Quali sono le altre funzioni dell'apertura?
Dal punto di vista tecnico, l'apertura ha un impatto che va oltre l'esposizione e la profondità di campo. Questi sono sicuramente gli impatti più grandi e sono quelli principali di cui devi essere a conoscenza in questo momento. Tuttavia, se desideri approfondire questo argomento, ho creato un articolo completo su cosa fa l'apertura, che affronta in dettaglio aspetti come la diffrazione e altre proprietà.

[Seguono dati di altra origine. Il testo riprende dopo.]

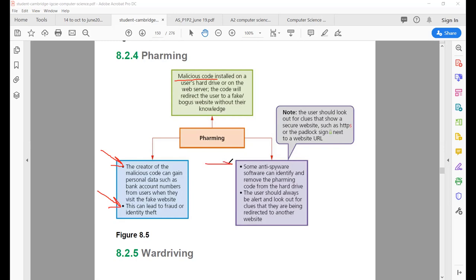To protect against pharming, use anti-spyware software, because the malicious code is now present in your computer. Anti-spyware can trace out that code from your computer. Also, the user should always be alert and look out for clues: if your computer is not working smoothly, getting stuck somewhere, or taking too much time loading certain software, keep your eyes open — these are certain clues to be aware of.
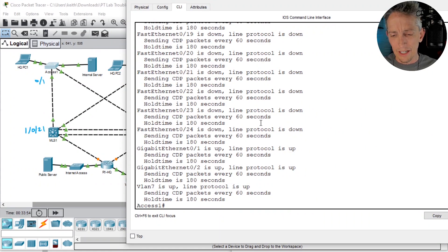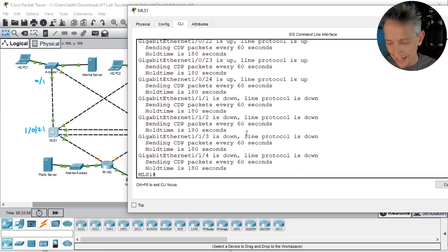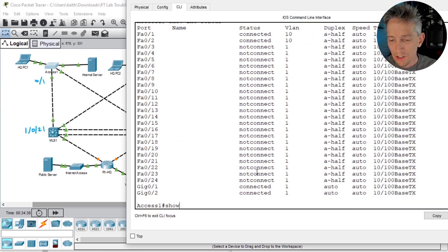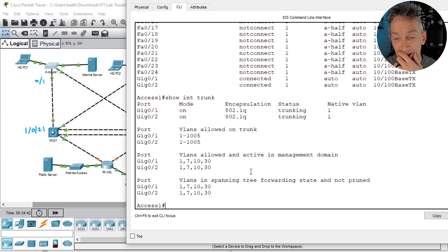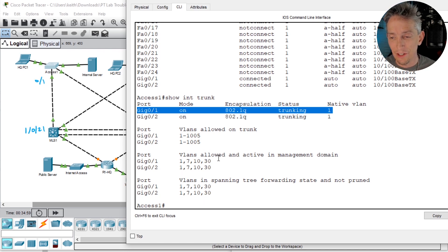So CDP is running, but we are not seeing our neighbors there. This is fantastic. I don't know what this is. I don't know why it's happening. Show interface trunk. I don't know what's going on. I love it. I love it. Network Chuck, great job. So 0 slash 1 — it says it's a trunk, it says it's trunking. Why am I not able to see a CDP message from that?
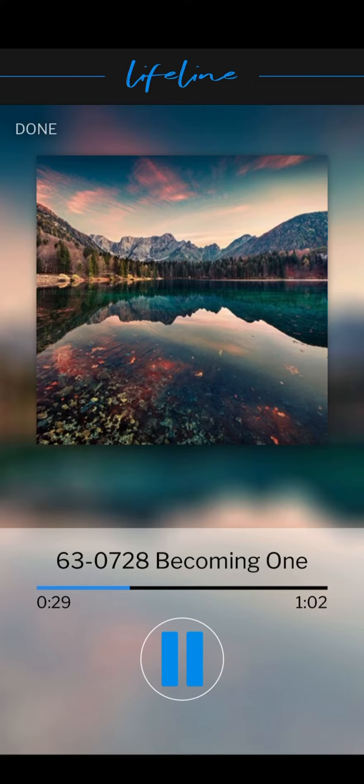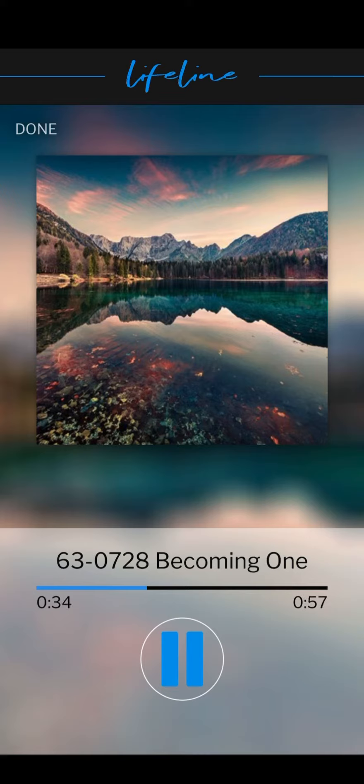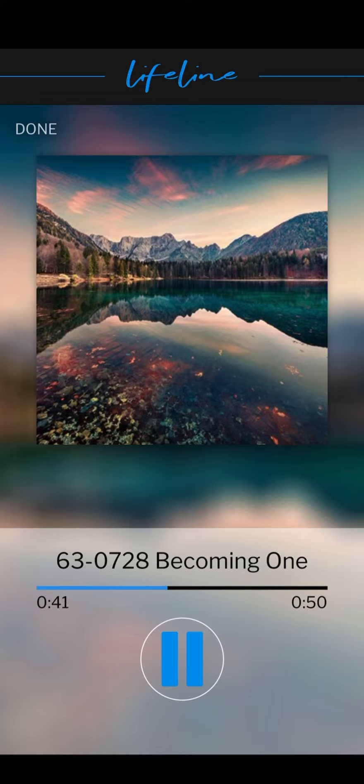Then the head and the body are becoming one in works, in sign, and in life, vindicated by God himself through his promised word for the last days. He promised this in the last days.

Inoltre, l'apertura può influire sulla nitidezza e sul contrasto dell'immagine, soprattutto se si utilizzano diaframmi molto stretti. Questi effetti, sebbene meno evidenti, sono importanti per i fotografi professionisti che cercano la massima qualità nelle loro immagini.
Una tabella che mostra gli effetti dell'apertura in fotografia.
Per rendere più semplice la comprensione dell'effetto dell'apertura, ho raccolto le informazioni chiave contenute in questo articolo in una tabella dettagliata. Questa tabella illustra gli effetti più importanti dell'apertura in fotografia, nonché i termini più comuni utilizzati dai fotografi per descrivere le proprie impostazioni.
Si prega di notare che per rendere questa illustrazione più visibile, non ho scurito o schiarito nessuna delle illustrazioni di esempio (come spesso accade nella vita reale). Invece, ho semplicemente scritto "più luminoso" in "più scuro":

Sebbene questa tabella sia volutamente semplificata, copre tutti gli elementi fondamentali che è necessario conoscere sull'apertura. Se la trovate utile, sentitevi liberi di scaricare e stampare questa tabella. Basta fare clic con il tasto destro del mouse sull'immagine, selezionare "Salva con nome" e scegliere la posizione in cui si desidera salvarla.
Riepilogo dell'importanza dell'apertura in fotografia
L'apertura è una delle impostazioni più importanti in fotografia, e forse la più importante in assoluto. L'apertura influisce su molti aspetti di un'immagine, ma presto imparerai a padroneggiare i suoi vari effetti.
Data l'importanza dell'apertura, non sorprende che in Photography Life scattiamo sempre in modalità Priorità di Apertura o Manuale. Semplicemente non vogliamo mai che sia la macchina fotografica a impostare l'apertura per noi. È semplicemente molto importante ed è una delle impostazioni di base che ogni fotografo, principiante o professionista, deve conoscere per scattare le migliori foto possibili.
Ci auguriamo che questo articolo abbia spiegato le basi dell'apertura in modo semplice e comprensibile.
Se sei pronto a passare all'impostazione successiva, la successiva impostazione importante della fotocamera da imparare è ISO, che spiegheremo nel Capitolo 5 della nostra guida alle basi della fotografia.